The answer lies in how we have heard the story of Normandy. American historians of the European theater have focused mostly on the day-to-day heroics of the GI. Such an approach is, of course, laudable: American soldiers fought bravely in Normandy and made enormous sacrifices. But such narratives almost completely leave the French out of the picture. The French people form a mere landscape against which the GIs fight for freedom. In movies such as “Saving Private Ryan,” as well, the French are almost entirely erased from view.

In part, the problem is practical. French law stipulates that government documents cannot be opened to the public for 60 years. Many documents from the war years only opened in January 2005. In Le Havre, I was the first American to read them.

What I found was that many French civilians were happy — very happy — to be liberated from German occupation. But freedom in Normandy carried a high price tag. Cities such as St. Lô were almost completely destroyed. An estimated 19,890 civilians lost their lives in the battle. During the first two days of the campaign alone, about 3,000 men, women and children were killed — roughly the same number as the Allied soldiers who died in that period.

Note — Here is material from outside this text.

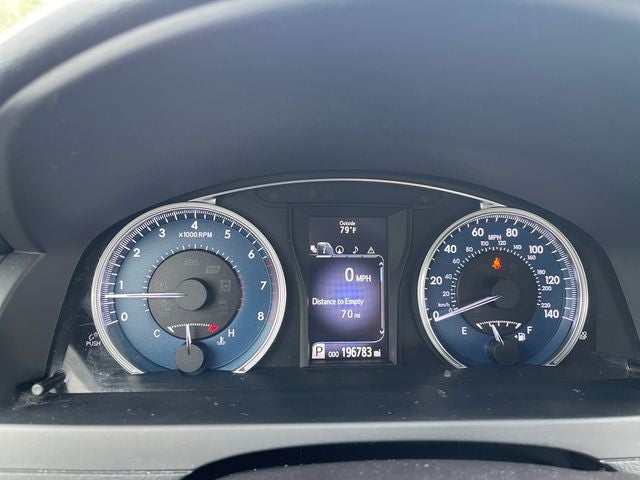 2016 Toyota Camry XLE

The real trouble began at war’s end, when the GIs found themselves stuck in port cities like Le Havre waiting for a boat home. As a group, they were exhausted and traumatized. They had survived horrors and felt they deserved a little fun. Lost friends crowded their dreams; guilt consumed them. Drinking and whoring kept the demons away, at least for a while, so they prowled the town for women. As a result, the citizens of Le Havre were unable to take a walk in the park or visit the grave of a loved one without coming across a GI engaged in sex. “Respectable” women dared not go out, not even in broad daylight.

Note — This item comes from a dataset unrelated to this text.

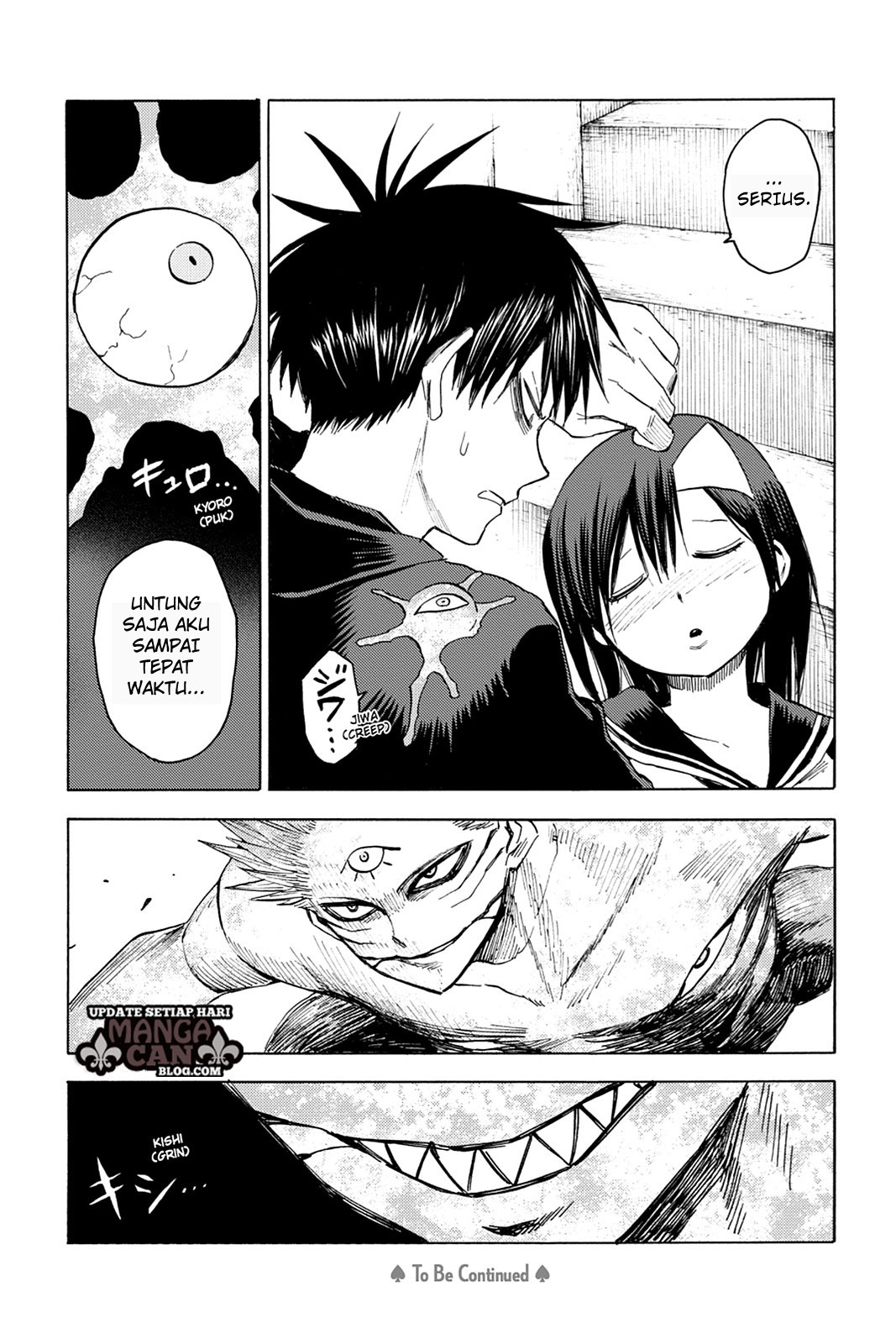 Blood Lad Chapter 76 Gambar 33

Expressing outrage that even children were exposed to “scenes contrary to decency,” mayor Pierre Voisin urged the American commander, Col. Weed, to construct a brothel north of town supervised by medical personnel. Venereal disease was rampant among prostitutes serving the Americans.

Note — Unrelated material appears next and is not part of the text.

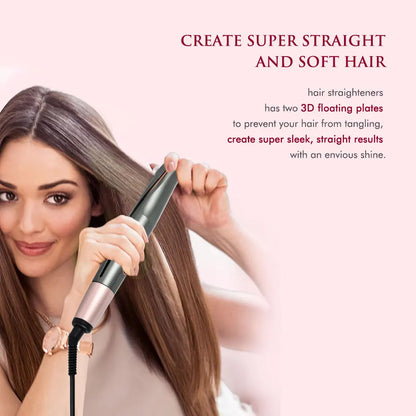 3/4 Inch Tapered Curling Iron Wand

But Weed washed his hands of the crisis, claiming that the problem was not his to solve. And he was categorically opposed to any regulated brothel because it would be impossible to keep the matter from the press, and thus the American public. What Weed failed to consider, of course, was how his decision might affect the local population.

Hearing this story of Weed’s indifference upsets our notion of the Second World War as the “good war.” One might object by arguing that soldiers have always behaved in this manner. But to naturalize a soldier’s erotic desire — to see it as inevitable rather than incidental — comes too close to excusing the sexual violence such desire might produce. Sex is a form of power. In the case of Le Havre, it became a way to assert American dominance over France.

One might also ask, why bring up the subject at all? My belief is that we honor our soldiers’ memory best by telling the entire truth of the war. Really good history does not sanitize our heroes. Instead, it portrays them as the flawed but honorable human beings they were.

Mary Louise Roberts is the author of “What Soldiers Do: Sex and the American GI in World War II France” (University of Chicago Press), out now.